## MATERIAL TO PROCESS
◇ ◇ ◇
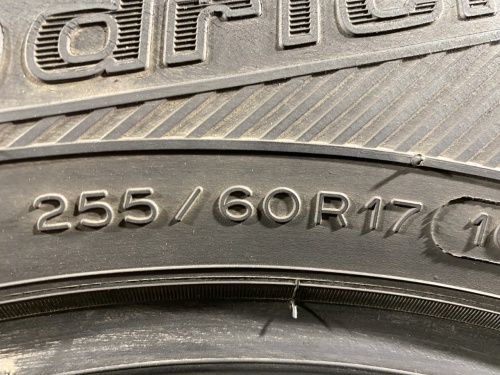 255 60 17 BFGOODRICH MACADAM T/A
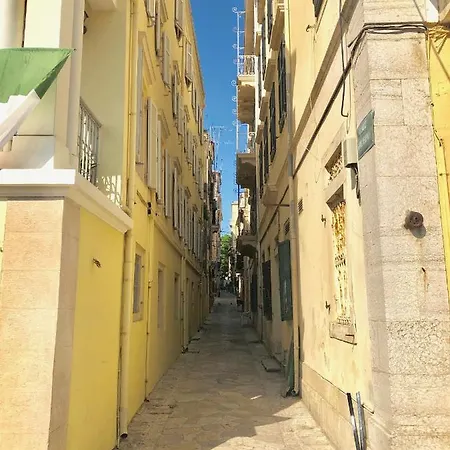 Grandma's Old Town House Apartment *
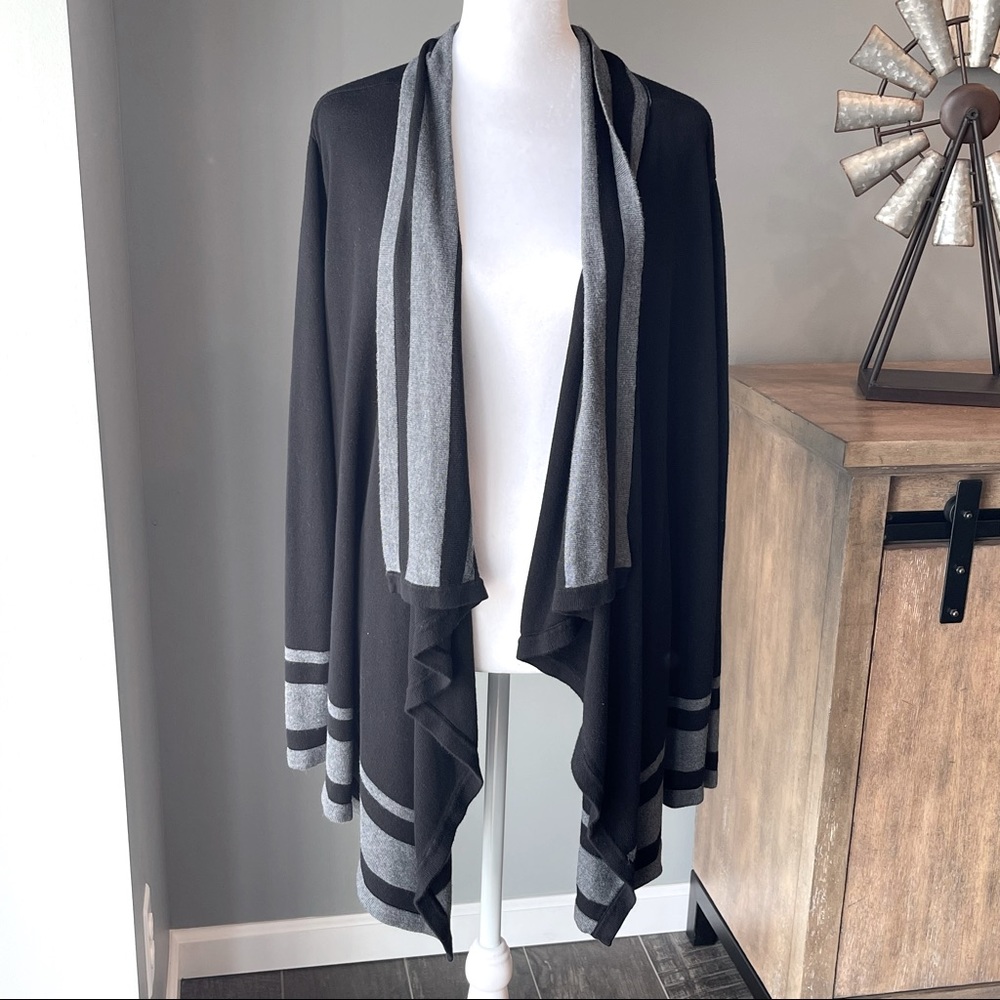 🎉🎉3X HP!!🎉🎉Black and Gray Long Sleeve Cardigan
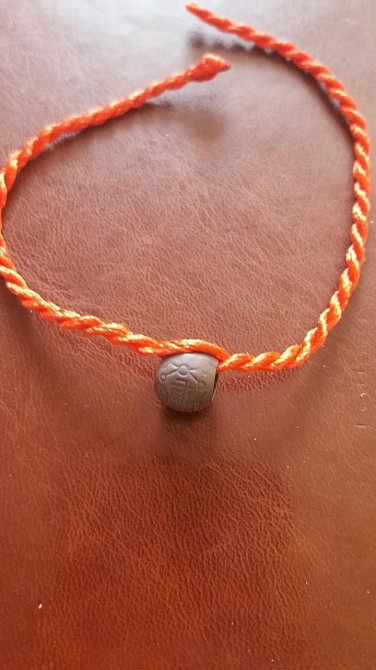 Красный браслет-нить с бусинкой Киев - изображение 3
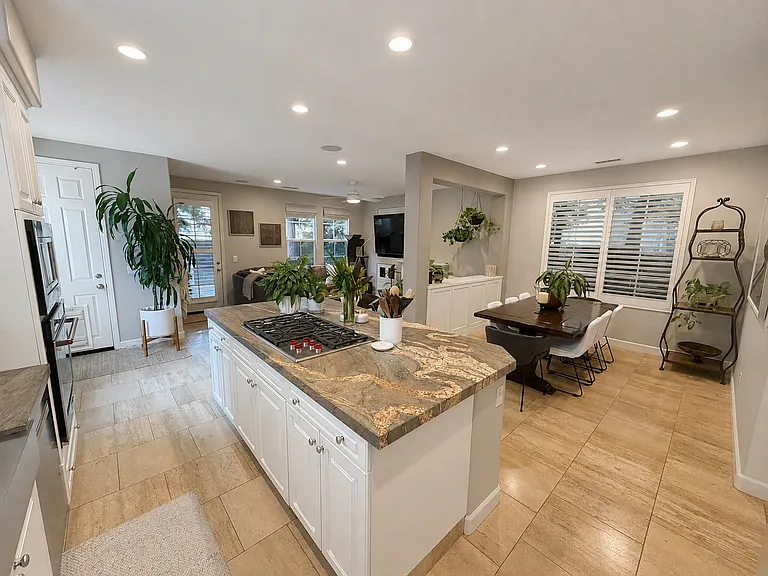 656 Seaward Ave — Photo 4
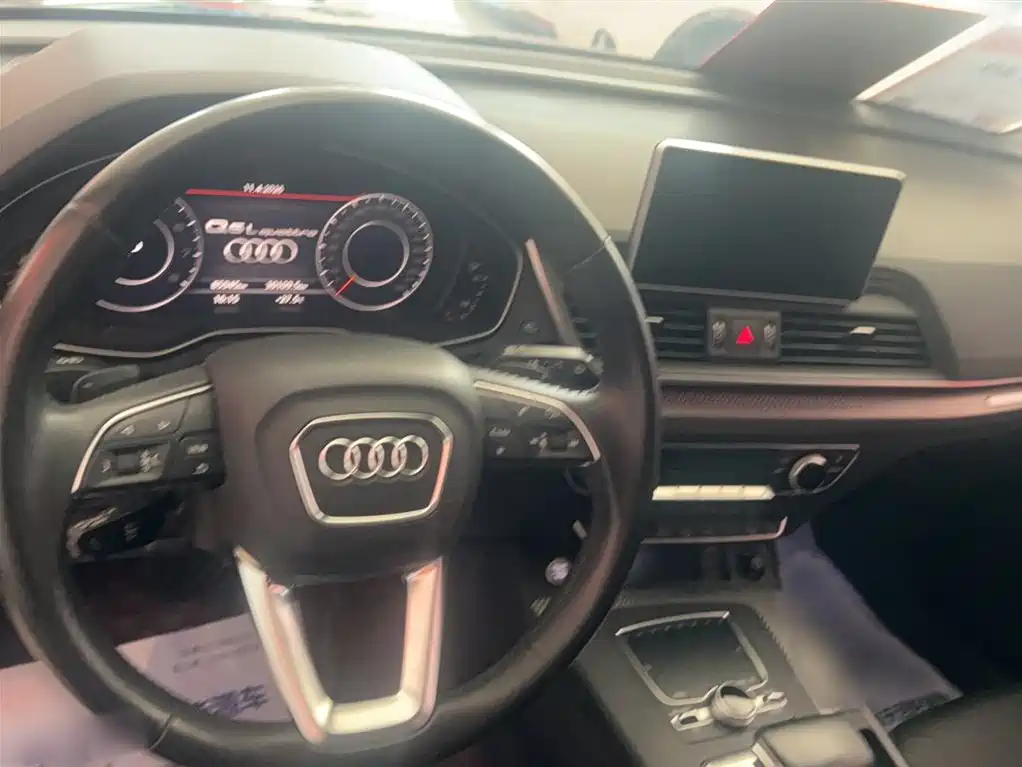 Audi Q5L 2020 45 TFSI exclusive and fashionable model купить на сайте DeffCars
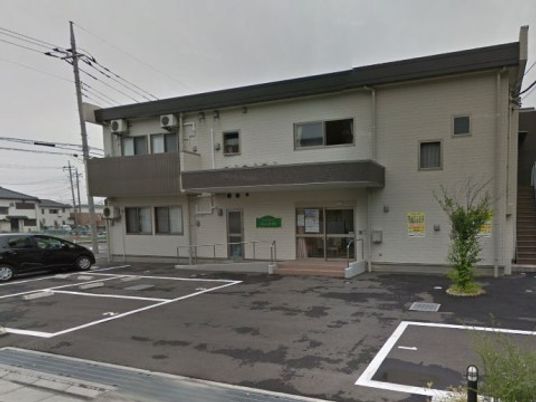 施設の外観と駐車場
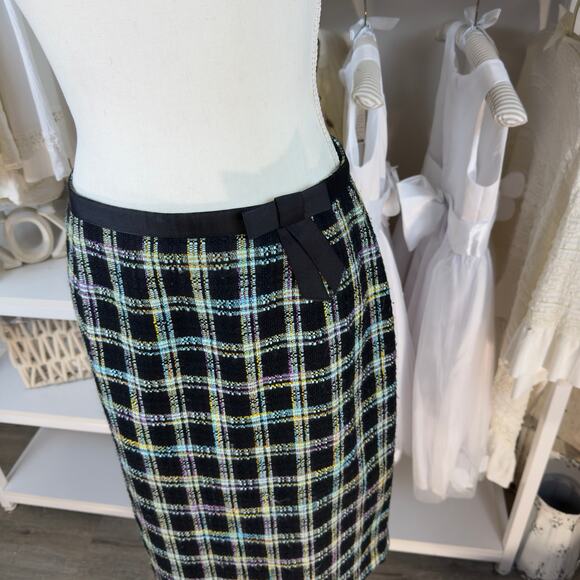 Requirements size 8 women's tweed black skirt blue.  Classic, mature, #4361 - Picture 4 of 9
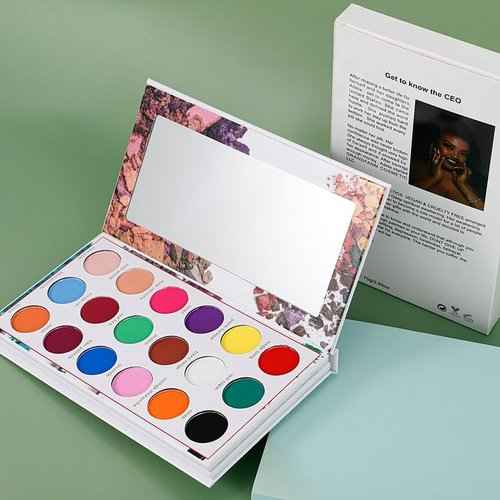 Eyeshadow Pallette j aime Haïti 4 in 1 EYESHADOW palette -BOLD &Vbrant colors-long lasting,vegan,cruelty free make up -inspired by haitian beauty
◇ ◇ ◇
## PROMPT
Within the listing above, the lines starting at the one containing "656 Seaward Ave — Photo 4" and ending at the one containing "Requirements size 8" are to be returned exactly. Omit the pictures.

## SOLUTION FOR THIS TASK
 656 Seaward Ave — Photo 4
 Audi Q5L 2020 45 TFSI exclusive and fashionable model купить на сайте DeffCars
 施設の外観と駐車場
 Requirements size 8 women's tweed black skirt blue.  Classic, mature, #4361 - Picture 4 of 9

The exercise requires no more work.